Task requirements ->
What the task requires is an exact printout of the listing below, pictures excluded.

Source material ->
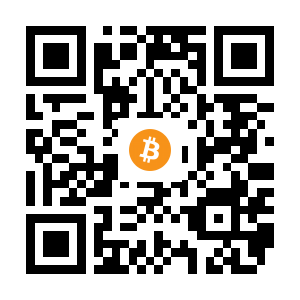 bitcoin:143DD8FrTq5CSvj6gzZGCFBdTVn4SSVfFr black Bitcoin QR code
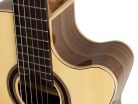 R65CW Kremona Soloist Series classic guitar solid spruce and walnut, rosewood fingerboard, gloss finish, Fishman Classic 3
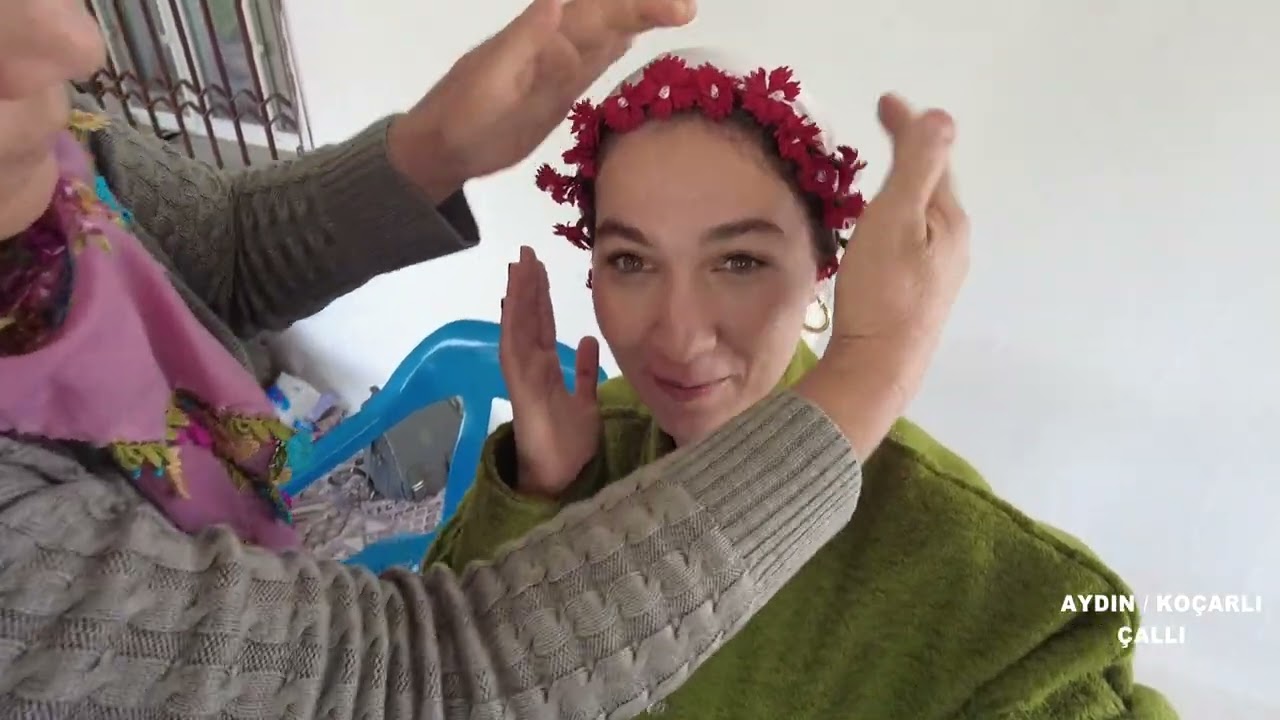 Koçarlı'nın Çallı köyünde kısa bir tur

Exercise answer ->
 bitcoin:143DD8FrTq5CSvj6gzZGCFBdTVn4SSVfFr black Bitcoin QR code
 R65CW Kremona Soloist Series classic guitar solid spruce and walnut, rosewood fingerboard, gloss finish, Fishman Classic 3
 Koçarlı'nın Çallı köyünde kısa bir tur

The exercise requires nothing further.